© JUNGE FREIHEIT Verlag GmbH & Co.  www.jungefreiheit.de  42/14 / 10. Oktober 2014

Rette sich, wer kann
Niedrigzinsen: Die Politik des billigen Geldes beraubt die Deutschen, hilft den Südeuropäern und führt zum Kollaps des Finanzsystems
Jörg Fischer

Nur noch 0,05 Prozent verlangt die Europäische Zentralbank (EZB) derzeit für ihre Geldausleihung. Im Sommer 2008, vor Ausbruch der Finanz- und Euro-Krise, waren es noch 4,25 Prozent – also 85mal soviel. Das erfreut Finanzminister oder Häuslebauer und mindert die Raten für den Autokredit. Zwei Drittel der deutschen Haushalte besitzen jedoch mehr Vermögen als Schulden. Sie bezahlen für die EZB-Niedrigzinspolitik: „Im Durchschnitt haben die deutschen Haushalte in den letzten fünf Jahren 281 Euro pro Kopf ‘verloren’; insgesamt summieren sich die Zinsverluste seit 2010 auf knapp 23 Milliarden“, rechnet der „Allianz Global Wealth Report 2014“ vor.

Von der Euro-Rettungspolitik profitierten jedoch nicht nur verschuldete Banken, Firmen, Spekulanten oder Staaten: „Besonders hoch fallen die Netto-Zinsgewinne dabei in Spanien, Griechenland, Irland und Portugal aus; in allen vier Ländern liegen die Haushalte mit rund 1.000 Euro pro Kopf oder mehr im Plus; insgesamt addieren sich die Zinsgewinne in diesen vier Ländern seit Krisenbeginn auf 87 Milliarden Euro: Die Peripherie ist damit der große Profiteur der Niedrigzinspolitik“, heißt es in der Studie des Münchner Versicherungskonzerns.
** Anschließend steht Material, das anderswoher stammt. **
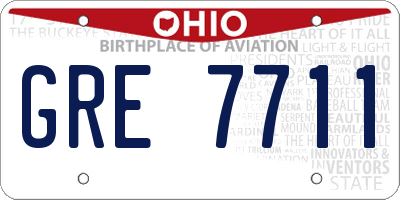OH license plate GRE7711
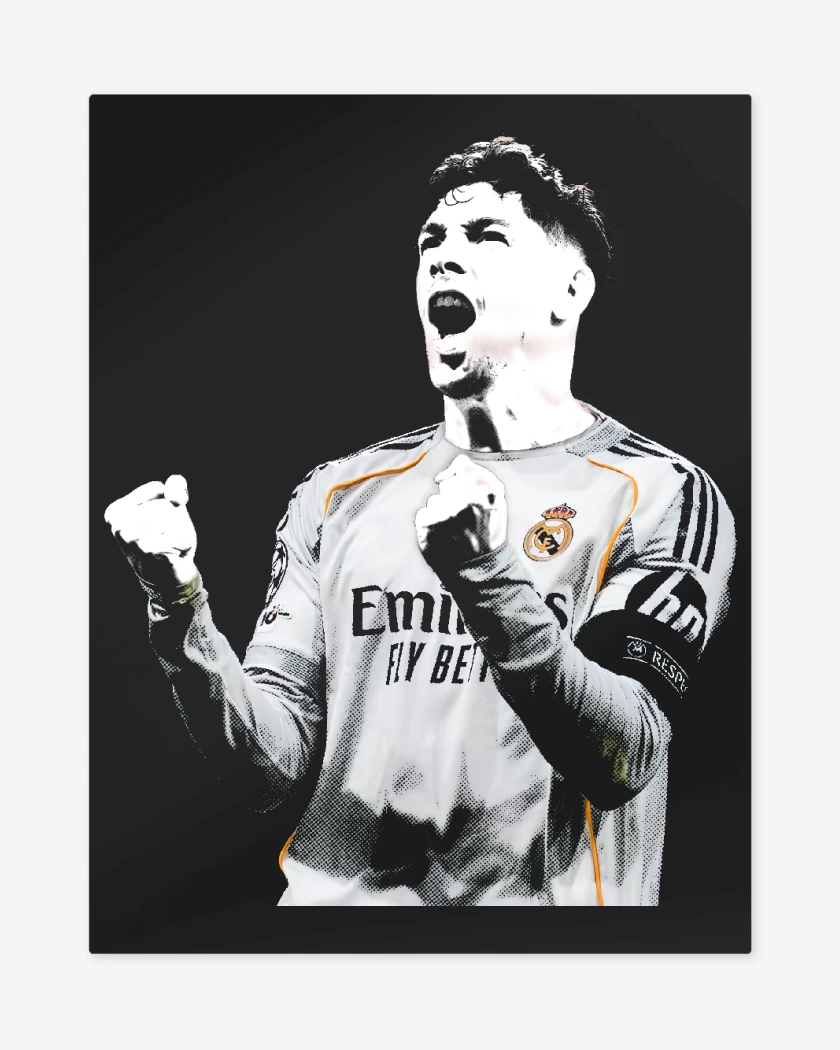 Print metalico Negro de Federico Valverde Real Madrid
Wie konnte es so weit kommen? Und welche Folgen ergeben sich aus den anderen milliardenschweren Banken- und Euro-Rettungsfonds (Soffin, EFSF, ESM und Co.), für die die deutschen Steuerzahler geradestehen müssen? Bricht letztlich unser Währungssystem zusammen? Droht gar eine Währungsreform?
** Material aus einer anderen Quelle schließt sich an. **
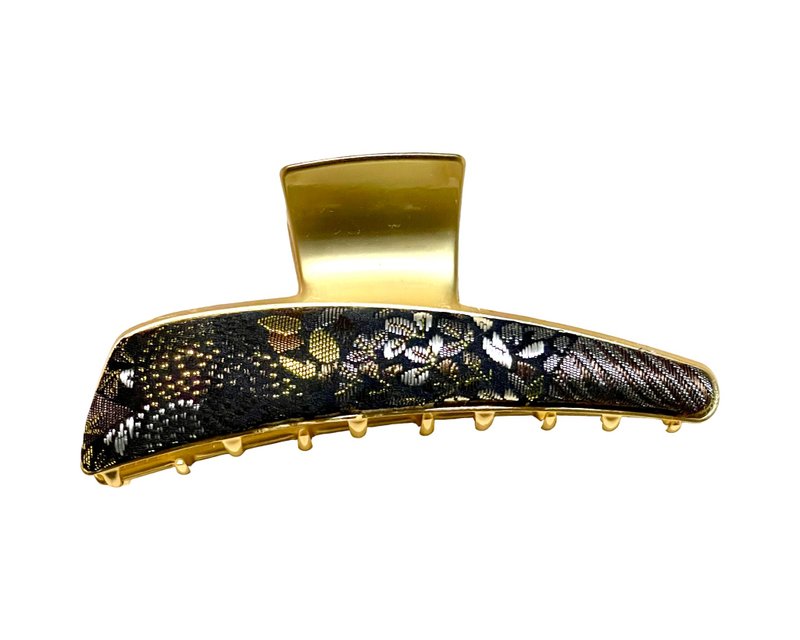 影扇 バンスクリップ 錦織 バナナクリップ シャーククリップ メタルヘアクリップ スプリングクリップ ポニーテールクリップ - ヘアアクセサリー - シルク・絹 ブラック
Solchen Fragen stellen sich die beiden Volkswirtschaftsprofessoren Hanno Beck und Aloys Prinz in ihrem neusten Buch über „Die große Geldschmelze“. Und sie verraten schon im Untertitel, daß es wenig Hoffnung gibt, denn sie schildern in 15 Kapiteln anschaulich, „wie Politik und Notenbanken unser Geld ruinieren“. Während die Kapitel zwei bis vier zunächst Grundlegendes über das derzeitige Geld- und Finanzsystem erläutern, wird in Kapitel fünf exemplarisch an Aufstieg und Fall der „New Economy“ erinnert. Damals investierten Millionen naive – kleine wie große – Investoren in „lächerliche Internet-Geschäftsmodelle“, die sich letztlich als Milliardengrab erwiesen. Daß aus dem Platzen der damaligen Aktienpreisblase nichts gelernt wurde, schildert Kapitel sechs über die US-Immobilienkrise und die Lehman-Pleite 2008, die als Ini-titialzündung der Weltfinanzkrise gilt.
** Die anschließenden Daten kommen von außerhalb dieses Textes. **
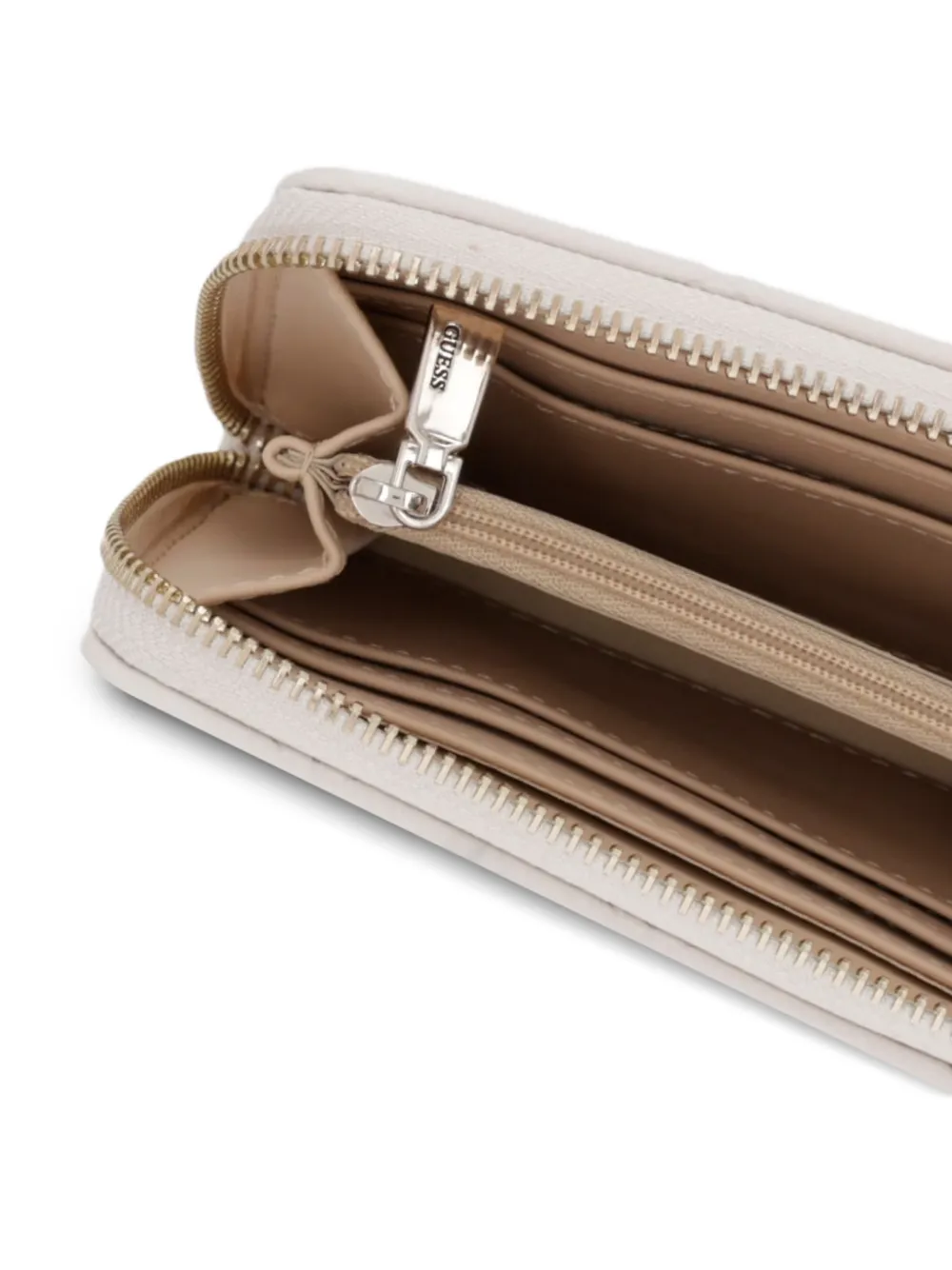 GUESS USA Anise portemonnee met logo-reliëf en rits Beige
„Man muß diese Krise – ebenso wie die Krise der Neuen Ökonomie im Jahr 2000 – kennen, um zu verstehen, was in den vergangenen Jahren passiert ist, denn beide Krisen sind die Keimzelle unserer heutigen Probleme – und sie wurden unter anderem von der Geldpolitik mit ausgelöst“, konstatieren die beiden Ökonomen. Die momentanen Wertsteigerungen bei Immobilien und die Rekorde am Aktienmarkt seien nur ein Aufbäumen des Systems vor dem Kollaps.

„Nichts täuscht mehr als solche Vermögenspreisexplosionen: Vermeintliche reale Wertzuwächse sind aufgeblähte Zeugen der Geldexzesse der Notenbanken.“ Weder Prinz, der Finanzwissenschaft an der Universität Münster lehrt, noch Beck, „der vor seiner Lehrtätigkeit an der Hochschule Pforzheim FAZ-Wirtschaftsredakteur war, stellen dabei jedoch die Effizienz von Märkten in Frage. Die Politik habe die Finanzmärkte durch staatliche Eingriffe nicht zu wenig, sondern nur falsch reguliert.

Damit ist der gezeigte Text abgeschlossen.